Le Parlement européen a désavoué aujourd’hui clairement la candidature de l’Espagnol Luis de Guindos – un politique, ardent défenseur de l’austérité et de la rigueur – à la vice-présidence de la Banque centrale européenne (BCE). Il a remporté le vote par 331 voix pour et 306 contre, mais il faut tenir compte des 64 abstentions.

Les membres de la délégation socialiste française au Parlement européen ont voté, avec le groupe S&D, contre cette candidature.

Sur la personnalité :

Ancien agent de la banque Lehman Brothers, qu’il a quittée juste avant une faillite qui a précipité le monde dans une crise économique dont nous nous remettons tout juste, le profil de Luis de Guindos n’est pas le bon. C’est un serviteur de la finance prédatrice, responsable « et en même temps » des subprimes et des politiques d’austérité menées en Espagne.
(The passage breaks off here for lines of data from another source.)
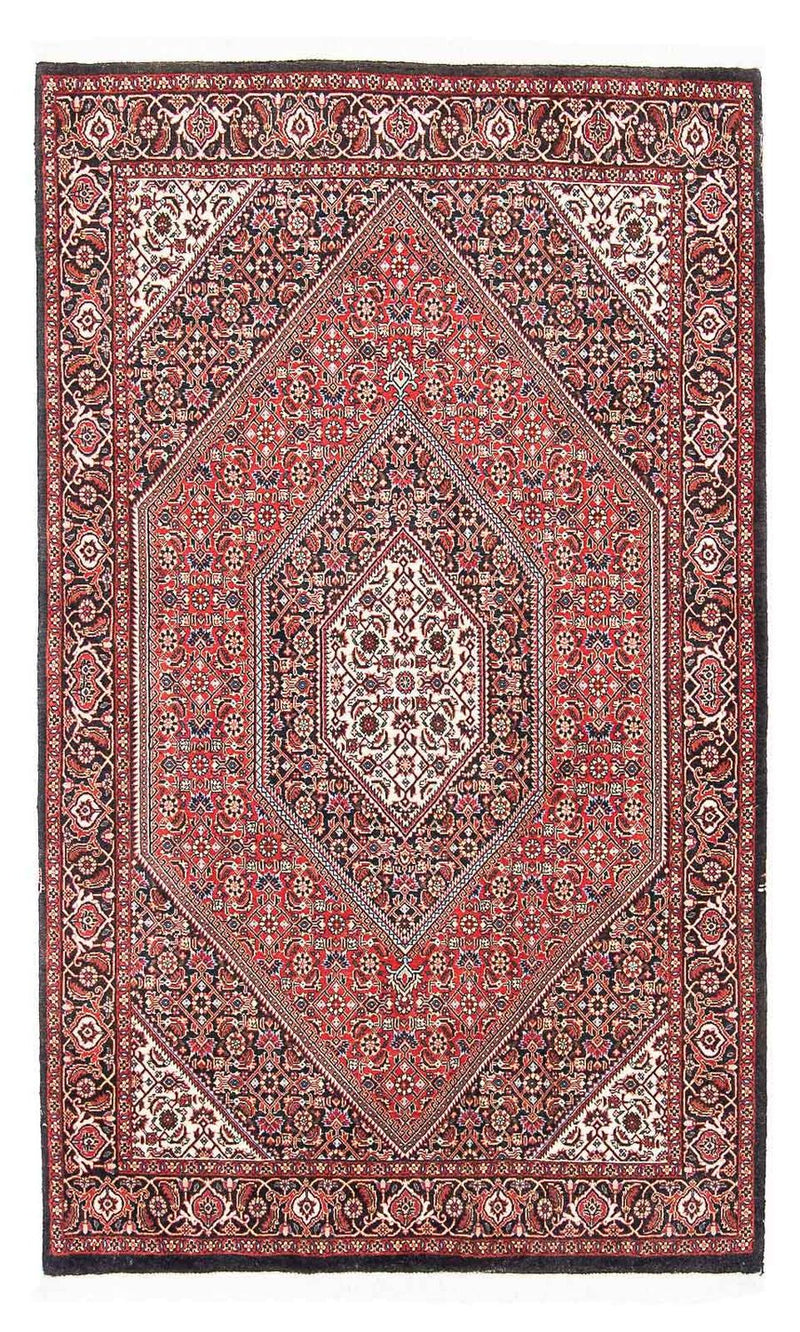 Alfombra persa - Bidjar - 173 x 110 cm - rojo claro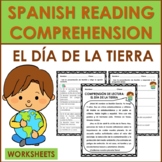 Spanish Reading Comprehension: El Día de la Tierra (Earth 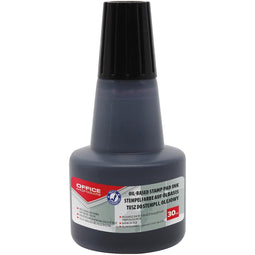 Office Products - Products stempelinkt, oliebasis, flesje van 30 ml, zwart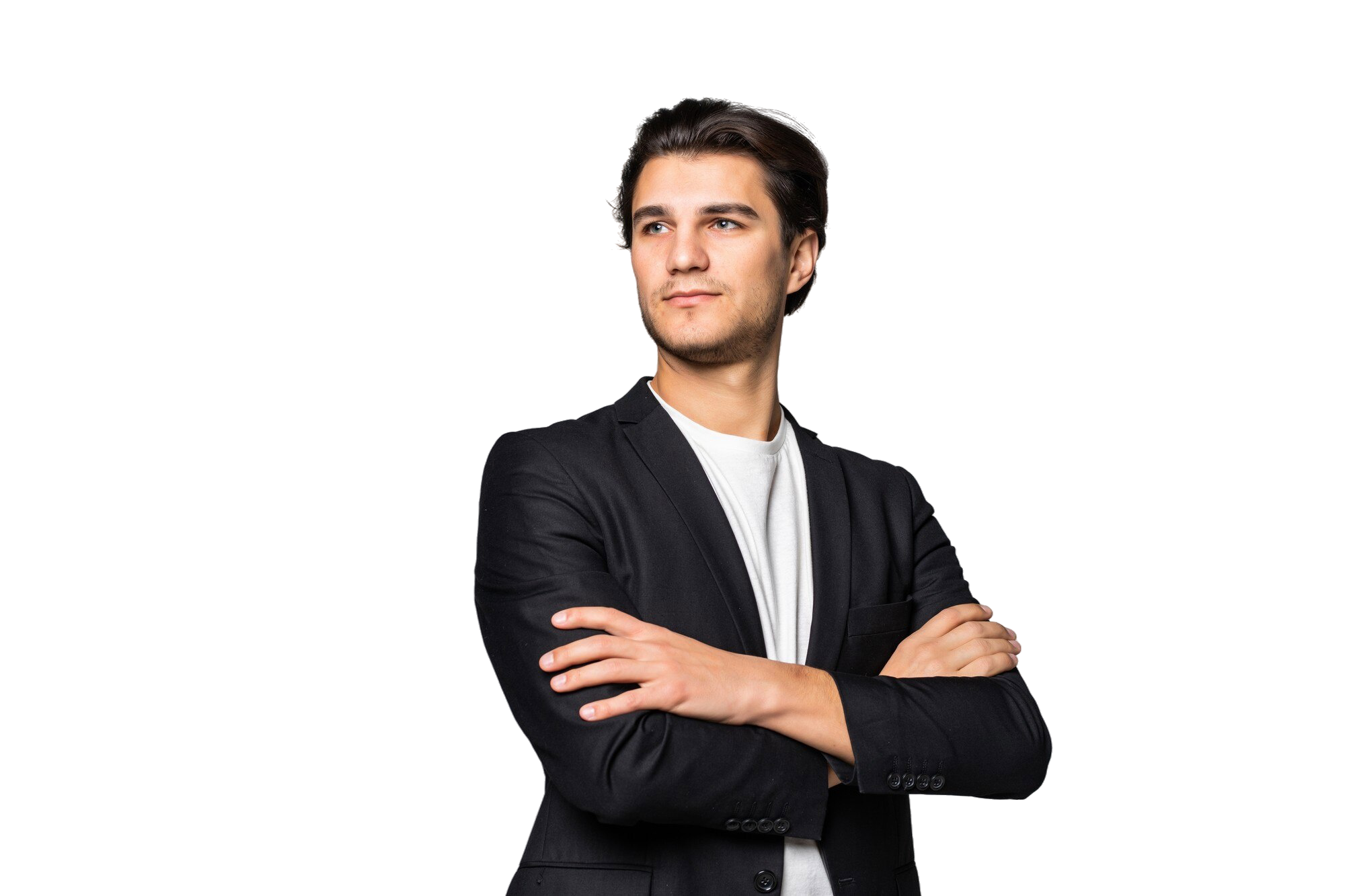 smiling-businessman-standing-with-arms-folded-isolated-white smiling-businessman-standing-with-arms-folded-isolated-white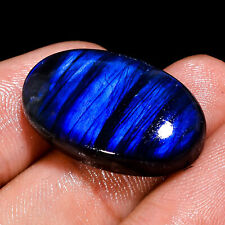 23.60Cts. 100% Natural Blue Labradorite Oval Cabochon Loose Gemstone 25X15X7 MM picture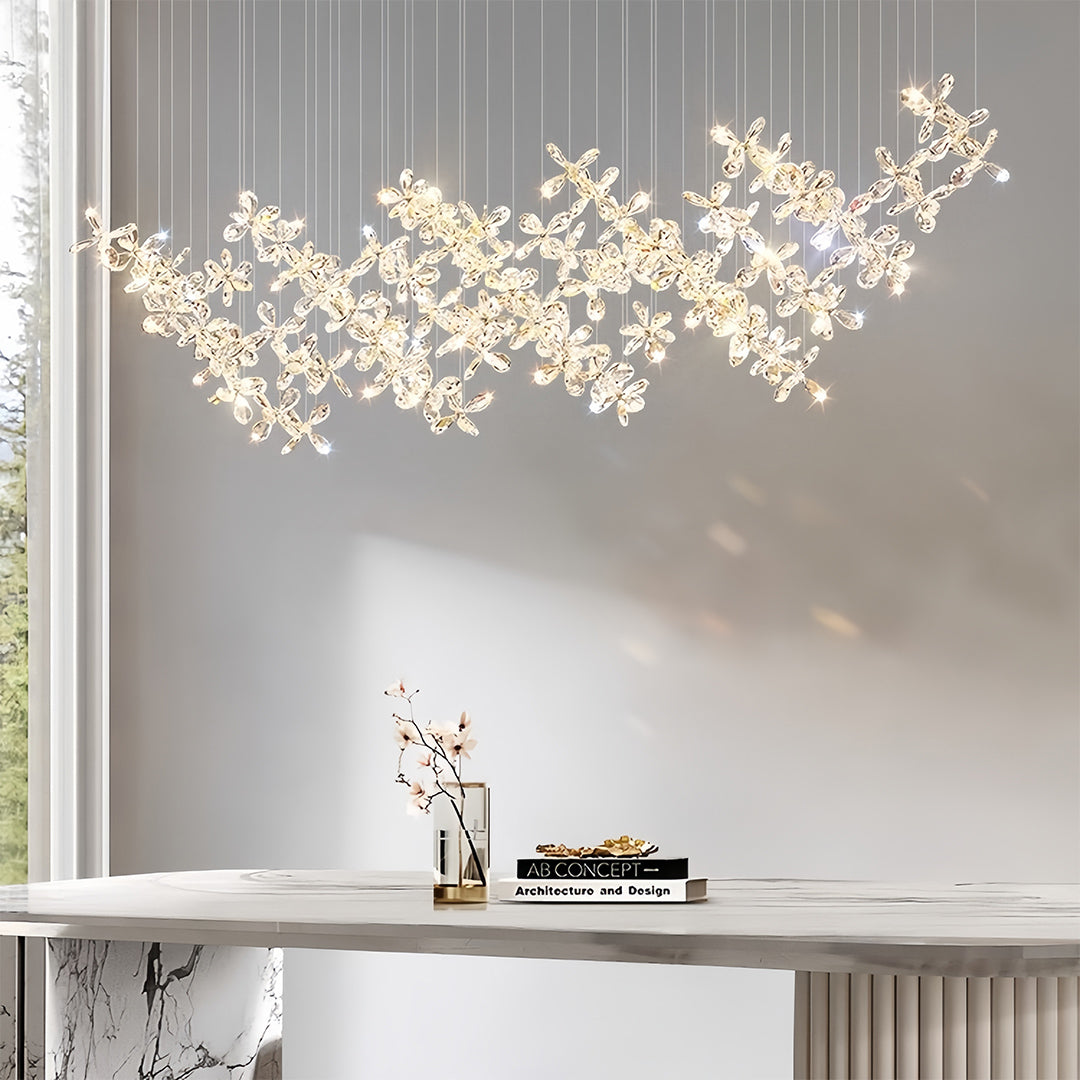 VERDANTIA CRYSTAL BLOOM CEILING LUMINAIRE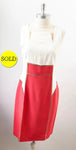 Maria Grazia Severi Colorblock Dress Size 44 It 8 Us)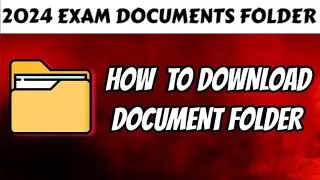SSLC IT 2024 Exam Documents folder Download | How to download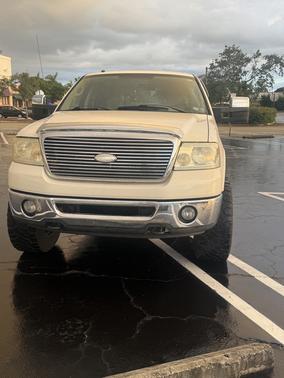 White 2008 Ford F-150 Lariat SuperCrew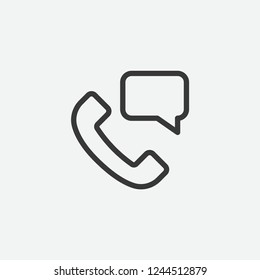 Phone chat icon isolated on background. Telephone symbol modern, simple, vector, icon for website design, mobile app, ui. Vector Illustration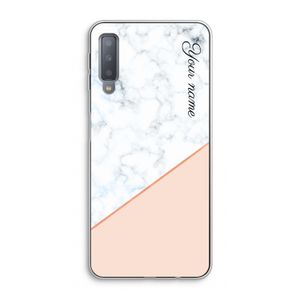 Marmer in stijl: Samsung Galaxy A7 (2018) Transparant Hoesje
Qui plus est, ministre espagnol des finances depuis 2011, sa désignation créera un conflit d’intérêt sans précédent au sein de cette institution et sapera, de façon certaine, l’indépendance de la gouvernance de la BCE d’autant plus que lors de son audition, il s’est révélé incapable de répondre aux députés qui l’interrogeaient sur la politique monétaire.

Sur la procédure :

Les chefs d’État et de Gouvernement ont régulièrement le mot « démocratie » à la bouche. La Troïka en Grèce devait être un lointain souvenir. Pourtant, à la première occasion, c’est le retour du business as usual : tout se décide sans les citoyens et leurs représentants ! Les Européens méritent un débat public, pour la présidence de la Commission européenne, pour la présidence du Parlement européen comme c’est déjà le cas, mais aussi pour choisir qui doit présider la Banque centrale européenne. A la suite de petits arrangements entre ministres des finances de la zone euro, le second candidat, comme dans l’affaire Selmayr, a du retirer sa candidature, laissant le Parlement européen avec un seul choix alors qu’il avait clairement marqué sa préférence pour l’autre candidat.

Les citoyens ne comprennent pas, à juste titre que la BCE ne soit pas composée grâce à une procedure de nomination pleinement démocratique et transparente, alors qu’elle a, par son action, un impact direct sur leur vie.

Sur la suite :

Cette nomination ouvre le grand mercato qui va secouer les capitales et Francfort d’ici à la fin 2020. Rien qu’au sein de l’organe exécutif de la BCE, pas moins de quatre des six membres du directoire vont arriver au terme de leur mandat. Ainsi, dans le grand jeu de chaises musicales l’accession de Luis de Guindos à la vice-présidence fait ressurgir le nom de Jens Weidmann comme successeur possible de Mario Draghi à la tête de la BCE. Un tel scénario serait lourd de conséquences pour les Européens : ce faucon a ouvertement critiqué la ligne du président actuel. Ce n’est pas parce que la zone euro va mieux que l’on peut prendre le risque de le nommer à la tête de la BCE pour huit ans en faisant le pari que l’on aurait moins besoin d’une politique monétaire accommodante… Le durcissement monétaire rapide promis par ces seules personnes pourrait renforcer les inégalités en Europe de façon dramatique. Les membres de la délégation socialiste française s’y opposeront farouchement et appellent les autorités françaises à faire de même.